IN THE UNITED STATES COURT OF APPEALS
FOR THE FIFTH CIRCUIT United States Court of Appeals
Fifth Circuit
FILED
September 10, 2008
No. 07-31048 Charles R. Fulbruge III
Clerk
UNITED STATES OF AMERICA
Plaintiff-Appellee
v.
CHAD JAMES
Defendant-Appellant
Appeal from the United States District Court
for the Eastern District of Louisiana
USDC No. 2:06-CR-55-1
Before REAVLEY, STEWART, and OWEN, Circuit Judges.
PER CURIAM:*
Chad James appeals following his conviction for possession with intent to
distribute five grams or more of crack cocaine, possession with intent to
distribute a quantity of cocaine hydrochloride, possession of a firearm in
furtherance of drug trafficking, and being a felon in possession of a firearm. He
challenges the district court’s denial of a suppression motion and several trial
rulings, as well as the sufficiency of the evidence to support his conviction.
Finding no reversible error, we AFFIRM.
*
Pursuant to 5TH CIR. R. 47.5, the court has determined that this opinion should not
be published and is not precedent except under the limited circumstances set forth in 5TH CIR.
R. 47.5.4.
No. 07-31048
James was arrested on a parole violation warrant. When police arrived at
his apartment to execute the warrant they accompanied him inside so that he
could get dressed. He was initially calm and compliant, but upon entering the
apartment James suddenly and quickly closed an interior door leading to
another room, which police found suspicious.

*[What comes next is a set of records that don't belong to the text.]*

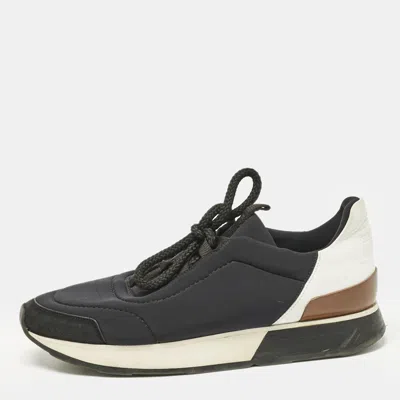 Pre-owned Hermes Black/white Leather And Neoprene Miles Low Top Sneakers Size 38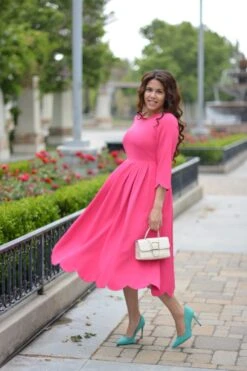 Berlin Scalloped Fuchsia Pink Dress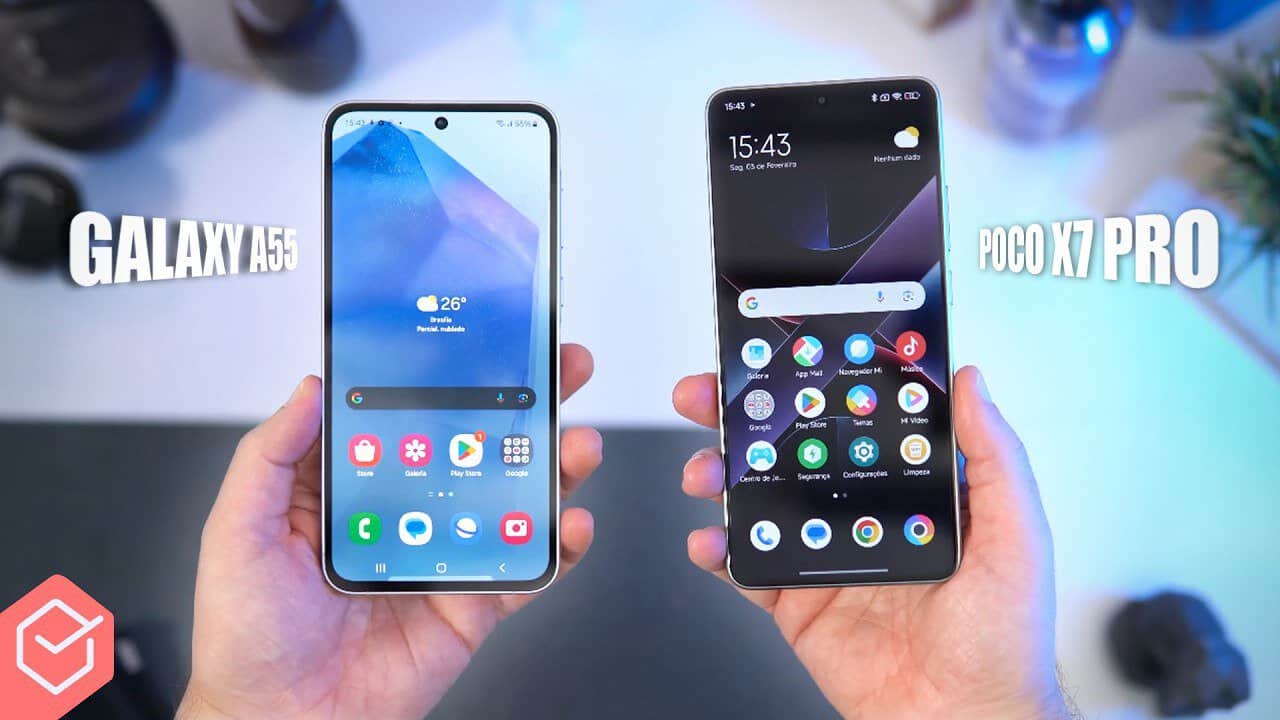 Poco X7 Pro vs Samsung Galaxy A55: Qual o Melhor em 2025? Poco X7 Pro vs Samsung Galaxy A55: Qual o Melhor em 2025?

Police also observed a shotgun in
plain view leaning against the bedroom wall next to the bed. As the officers
tried to handcuff James, he resisted and began a violent altercation that led to
two officers and James tumbling down the stairs and out into the street, where
James continued the fight. Although no one was present on the street, James
began calling for help. The officers did not know whether James was calling for
assistance from someone who may have been inside the apartment. After
securing James, an officer reentered the apartment to secure the shotgun and
to conduct a protective sweep. The officer observed suspected cocaine in plain
view in the room to which James had slammed the door. The officer secured the
residence and obtained a search warrant. Police then seized crack and powder
cocaine, drug distribution paraphernalia, a loaded shotgun, and over $5000 in
cash.
James contends that all the evidence except for the shotgun was obtained
in an illegal protective sweep of his apartment and that the district court should
have granted his suppression motion. We disagree.
Incident to an arrest, a police officer may conduct a visual protective sweep
of premises to ensure that no other persons are hiding therein who may pose a
threat to the safety of officers or other persons when there are articulable facts
and inferences from which a prudent officer could believe the area to be swept
harbors another dangerous individual. Buie v. Maryland, 494 U.S. 325, 334, 110
S. Ct. 1093, 1098 (1990); United States v. Mata, 517 F.3d 279, 285–86 (5th Cir.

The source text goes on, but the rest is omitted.